Issue No.12 - December (2005 vol.17)
DOI Bookmark: http://doi.ieeecomputersociety.org/10.1109/TKDE.2005.201
We study the localization prediction of membrane proteins for two families of medically important disease-causing bacteria, called Gram-Negative and Gram-Positive bacteria. Each such bacterium has its cell surrounded by several layers of membranes. Identifying where proteins are located in a bacterial cell is of primary research interest for antibiotic and vaccine drug design. This problem has three requirements: First, with any subsequence of amino acid residues being potentially a dimension, it has an extremely high dimensionality, few being irrelevant. Second, the prediction of a target localization site must have a high precision in order to be useful to biologists, i.e., at least 90 percent or even 95 percent, while recall is as high as possible. Achieving such a precision is made harder by the fact that target sequences are often much fewer than background sequences. Third, the rationale of prediction should be understandable to biologists for taking actions. Meeting all these requirements presents a significant challenge in that a high dimensionality requires a complex model that is often hard to understand. The support vector machine (SVM) model has an outstanding performance in a high-dimensional space, therefore, it addresses the first two requirements.
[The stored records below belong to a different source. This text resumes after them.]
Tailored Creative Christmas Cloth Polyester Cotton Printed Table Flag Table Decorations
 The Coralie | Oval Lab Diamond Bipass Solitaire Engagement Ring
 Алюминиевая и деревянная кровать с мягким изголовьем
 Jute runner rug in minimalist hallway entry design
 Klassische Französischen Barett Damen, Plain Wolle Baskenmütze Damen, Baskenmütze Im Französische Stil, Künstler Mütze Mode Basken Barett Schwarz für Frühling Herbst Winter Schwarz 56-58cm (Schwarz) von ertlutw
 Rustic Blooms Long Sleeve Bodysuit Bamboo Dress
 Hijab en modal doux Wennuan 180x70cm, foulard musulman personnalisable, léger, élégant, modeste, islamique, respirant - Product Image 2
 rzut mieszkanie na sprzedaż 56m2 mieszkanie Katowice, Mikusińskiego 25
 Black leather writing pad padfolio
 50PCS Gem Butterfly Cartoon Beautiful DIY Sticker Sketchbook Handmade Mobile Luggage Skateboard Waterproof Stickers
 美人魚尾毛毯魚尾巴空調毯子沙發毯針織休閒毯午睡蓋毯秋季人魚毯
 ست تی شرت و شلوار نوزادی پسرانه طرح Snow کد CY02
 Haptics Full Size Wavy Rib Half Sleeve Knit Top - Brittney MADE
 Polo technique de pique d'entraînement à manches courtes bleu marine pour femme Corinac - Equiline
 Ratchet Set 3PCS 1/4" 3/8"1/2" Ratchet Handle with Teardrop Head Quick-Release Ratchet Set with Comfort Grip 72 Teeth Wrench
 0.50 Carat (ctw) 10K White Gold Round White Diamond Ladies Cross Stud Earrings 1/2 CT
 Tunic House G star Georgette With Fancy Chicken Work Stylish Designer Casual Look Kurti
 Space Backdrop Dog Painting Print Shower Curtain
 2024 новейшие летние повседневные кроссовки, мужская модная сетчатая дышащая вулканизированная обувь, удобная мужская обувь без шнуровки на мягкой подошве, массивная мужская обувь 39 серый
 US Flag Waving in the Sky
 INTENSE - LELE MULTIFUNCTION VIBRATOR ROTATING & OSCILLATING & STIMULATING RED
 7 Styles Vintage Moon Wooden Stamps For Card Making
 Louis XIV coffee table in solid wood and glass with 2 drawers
However, the SVM model involves many features in a single kernel function, therefore, it does not address the third requirement. We address all three requirements by integrating the SVM model with a rule-based model, where the understandable if-then rules capture "major structures” and the elaborated SVM model captures "subtle structures.” Importantly, the integrated model preserves the precision/recall performance of SVM and, at the same time, exposes major structures in a form understandable to the human user. We focus on searching for high quality rules and partitioning the prediction between rules and SVM so as to achieve these properties. We evaluate our method on several membrane localization problems. The purpose of this paper is not improving the precision/recall of SVM, but is manifesting the rationale of a SVM classifier through partitioning the classification between if-then rules and the SVM classifier and preserving the precision/recall of SVM.
Index Terms- Bioinformatics (genome or protein) databases, clustering, classification, and association rules.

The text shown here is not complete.